Lo diremos de forma gráfica, aún a riesgo de resultar polémicos: si un varón ignora la negativa de una mujer y le impone una estimulación sexual que termina produciéndola placer ¿debemos deducir que ese placer es más verdadero que el rechazo de la dama? En ese caso no tendría sentido combatir a Drácula, que, a fin de cuentas, no sería más que un apóstol de la liberación sexual y del placer, tal y como algunas versiones sugieren. Pero ni la novela de Stoker, ni algunas adaptaciones cinematográficas comparten tal visión, pues no ignoran que la animalidad del vampiro puede ser devastadora y mortal. La última versión del mito, el poco sustancial ‘Nosferatu’ de Robert Eggers -cuyo mayor atractivo se resume en su minuto inicial- subraya explícitamente la dimensión monstruosa y destructora de una pulsionalidad desencadenada y brutal.
Pero el prejuicio contra el valor de la represión está ahí. Y le ha alcanzado al propio Stoker. Según el estudioso Daniel Ferson, la obsesión del novelista con la pureza, muy visible en su novela, la habría compatibilizado con una vida nocturna libertina, en una expresión típica del cliché progresista sobre el hombre conservador. Hay que aclarar que los demás biógrafos no encuentran pruebas de tal carácter mujeriego.
Pero es relevante como reaparece una y otra vez el cliché. ¿Cuántas películas no habremos visto en las que políticos defensores de la familia, de derechas, resultan ser asiduos de prostíbulos o adictos a las perversiones? Sin embargo, la realidad nos muestra, una y otra vez, que es más frecuente lo contrario. Como la realidad política española evidencia cada día. O como descubrieron los progresistas norteamericanos al comprobar que la mayoría de las víctimas del metoo eran de los suyos. Es muy revelador cómo, en uno de los capítulos de la muy antitrumpista y pro demócrata serie ‘El gran golpe’, uno de los abogados negros del progresista bufete pide a las mujeres que rebajen la presión con las denuncias porque están perjudicando, sobre todo, a los propios. Por una de esas singulares interconexiones entre realidad y ficción, por esas mismas fechas el metoo pasó a convertirse en una reivindicación más bien abstracta en la que se redujeron mucho las menciones concretas a acosadores particulares.

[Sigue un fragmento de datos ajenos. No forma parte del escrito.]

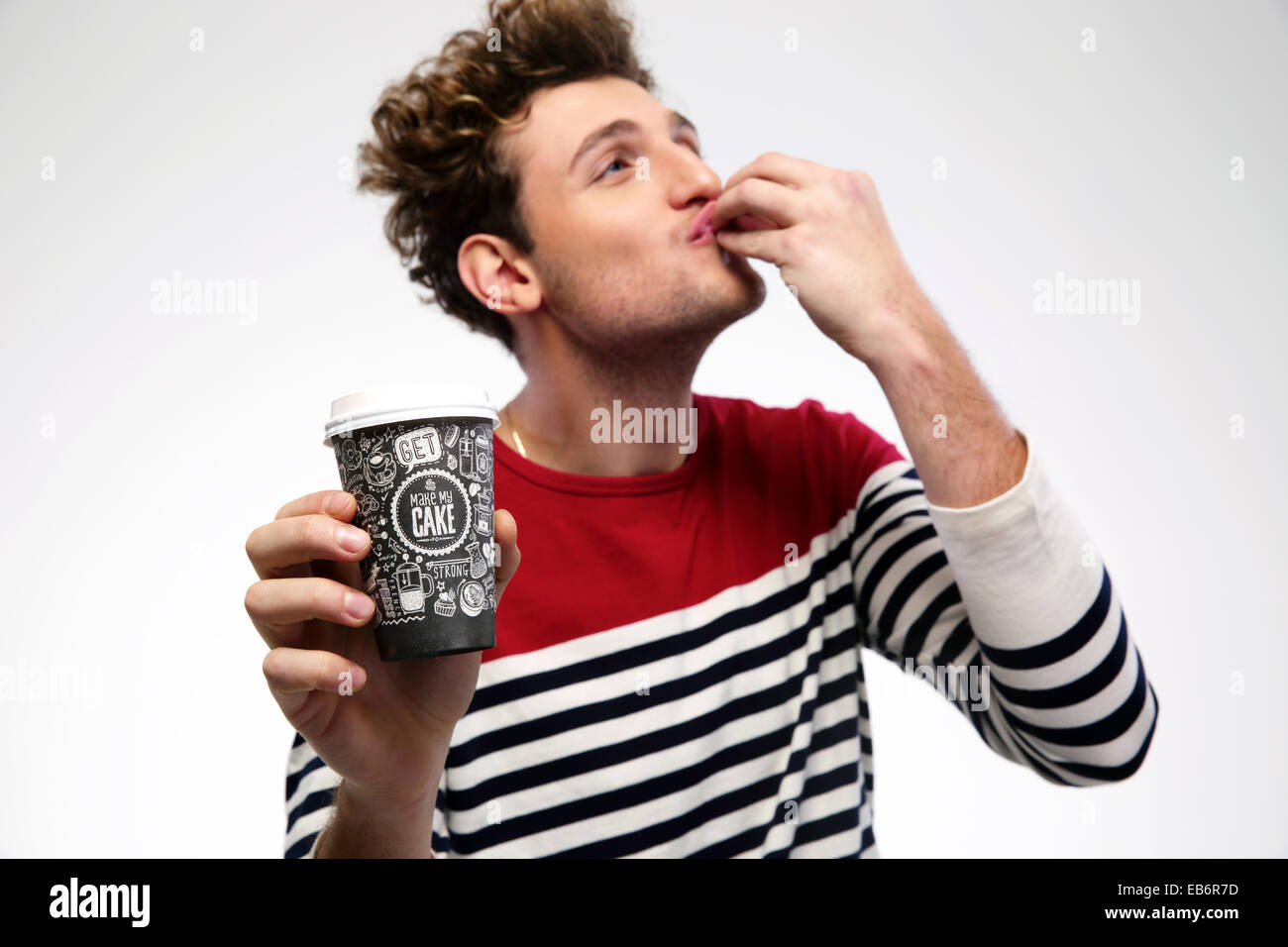 Porträt von einem lustigen Mann mit Kaffee Stockfoto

Si la novela de Stoker, en su dimensión más evidente, nos advertía contra el riesgo de que el peligro que el monstruo representaba pudiera extenderse por el mundo, hay que decir que la realidad nos habla del triunfo del ‘vampiro’ y de su visión desencantada del sexo como puro placer y como pulsión. La pornografía nos lo muestra de forma explícita y abundante, pero nos encontramos con un tratamiento similar de la sexualidad en un gran número de películas y de series convencionales. En el caso del porno nos encontramos con la consagración de una idea que viene rondando este artículo: la pulsión vence siempre al afán de autocontrol. Podríamos decir sin equivocarnos que una de las grandes líneas troncales de lo pornográfico ilustra, defiende y propaga esta idea tan propia de nuestro tiempo: resistirse al sexo es inútil porque el cuerpo siempre tiene deseo de más y es siempre receptivo a las tentaciones y a las caricias. Y aquí es donde descubrimos la verdadera raíz de fondo de esa idea según la cual cuando las mujeres dicen ‘no’ en realidad quieren decir ‘sí’, que no es el patriarcado sino la revolución sexual. Quizás por eso la anacrónica y hermosa búsqueda de la pureza que el ‘Drácula’ de Bram Stoker abandera - encarnado en el extraordinario personaje de Mina- resulta hoy tan estimulante.